Другим ссыльным, понравившимся мне, был серьезный, задумчивый волостной старшина Чебоксарского или Царевококшайского уезда, красивый брюнет лет 35. Он попал в ссылку за какую-то историю с местными властями, — историю, в которой он защищал интересы крестьян своей волости. Хороши были и московские рабочие, люди развитые, вдумчивые, не отличавшиеся по своему развитию от студентов. Многие из этих посетителей были слишком легко одеты; статистик из Тамбова возвращался в пальто и галошах, хотя на дворе было 35. Я очень беспокоилась, что он замерзнет, не доехав до железной дороги в Архангельске. Некоторым я предлагала деньги, но невозможно было уговорить даже самых нуждающихся принять от меня золотую монету. А между тем как раз в это время вышел циркуляр, лишавший ссыльных права дарового проезда на лошадях. Приходилось нескольким человекам складываться, чтоб нанять подводу, и они ехали в розвальнях, на одной лошади, в снежную вьюгу и в лютый мороз, совершая дальний путь до Архангельска. А иные шли пешком.
За месяц я перевидала несколько десятков этой молодежи. Они приходили; сестра поила их чаем и угощала тем, что случалось под рукой; они рассказывали, за что попали в ссылку, о своей жизни в ней, и, побеседовав часа полтора, спешили продолжать путь; мы тепло расставались, чтоб уж никогда не встретиться, — так далеко они должны были рассыпаться по лицу земли русской.
Таким образом, этот первый месяц, от 18 ноября до 20 декабря, я имела не одну минуту удовольствия от встреч с новыми молодыми товарищами, приносившими мне привет и ласку. Их молодость и бодрость радовали и заражали верой в будущее нашей родины.
Теперь было не то. Поток ссыльных прекратился, сестры уехали, и я оставалась одна в шести верстах от Белого моря. Одних неистовых ветров с моря было достаточно, чтобы расстроить нервы. Они свирепствовали, главным образом, по ночам и порой совершенно не давали спать. Если в первой квартире ветер шелестел обоями, которые отстали от стен, то маленький домик со множеством окон он пронизывал насквозь; он колыхал занавески, повешенные вместо дверей, и, казалось, готов был сорвать домик с земли и умчать в море. К одной из наружных стен был прикреплен высокий шест, на котором весной хотели поставить скворешницу; этот шест при каждом порыве бури скрипел, как мачта на судне. И мне мерещились волны, оборванные паруса и море, готовое поглотить меня.

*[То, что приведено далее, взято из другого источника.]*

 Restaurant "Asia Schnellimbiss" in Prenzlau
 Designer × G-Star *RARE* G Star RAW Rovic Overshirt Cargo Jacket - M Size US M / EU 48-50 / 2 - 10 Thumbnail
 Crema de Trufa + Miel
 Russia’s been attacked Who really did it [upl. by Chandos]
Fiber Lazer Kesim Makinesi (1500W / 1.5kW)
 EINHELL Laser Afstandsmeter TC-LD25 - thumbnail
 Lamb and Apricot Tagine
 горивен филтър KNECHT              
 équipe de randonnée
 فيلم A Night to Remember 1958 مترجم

Холод в моем домике при ветре был нестерпимый. Случались дни, когда, одевшись поутру и не будучи в состоянии переносить стужу, я укладывалась в постель, покрывалась шубой, и Груша, моя прислуга, приносила самовар, который должен был весь день кипеть, чтобы, стоя на табурете подле кровати, играть роль грелки. Было так холодно, что я не могла держать в руке книгу, да я и не могла что-либо воспринять из нее: казалось, самая мысль цепенела и застывала от ледяной стужи окружающего воздуха, и я лежала по целым дням неподвижная, окоченевшая, с одним сознанием бесцельности и нелепости подобного существования. К тому же я хворала; у меня была ангина, которой я заболевала каждые 10–14 дней; так с непривычки мне было трудно переносить холодный климат этих широт.

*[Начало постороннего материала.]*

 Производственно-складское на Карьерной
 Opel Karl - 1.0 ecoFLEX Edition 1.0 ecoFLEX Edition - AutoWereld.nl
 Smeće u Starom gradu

Мне не к кому было пойти, ни одного товарища, ни одного — равного мне. Нечем было развлечься, кроме разговора с маленьким нищим, которого для прокормления мать посылала собирать милостыню. Каждое утро этот пятилетний крошка стучался в мою дверь, и я угощала его чаем с булкой. С достоинством говорил он, что «кормит свою мать», и однажды поразил меня ответом на вопрос — зачем ему мать? Задавая этот вопрос, я соблазняла мальчика, уговаривая остаться у меня навсегда.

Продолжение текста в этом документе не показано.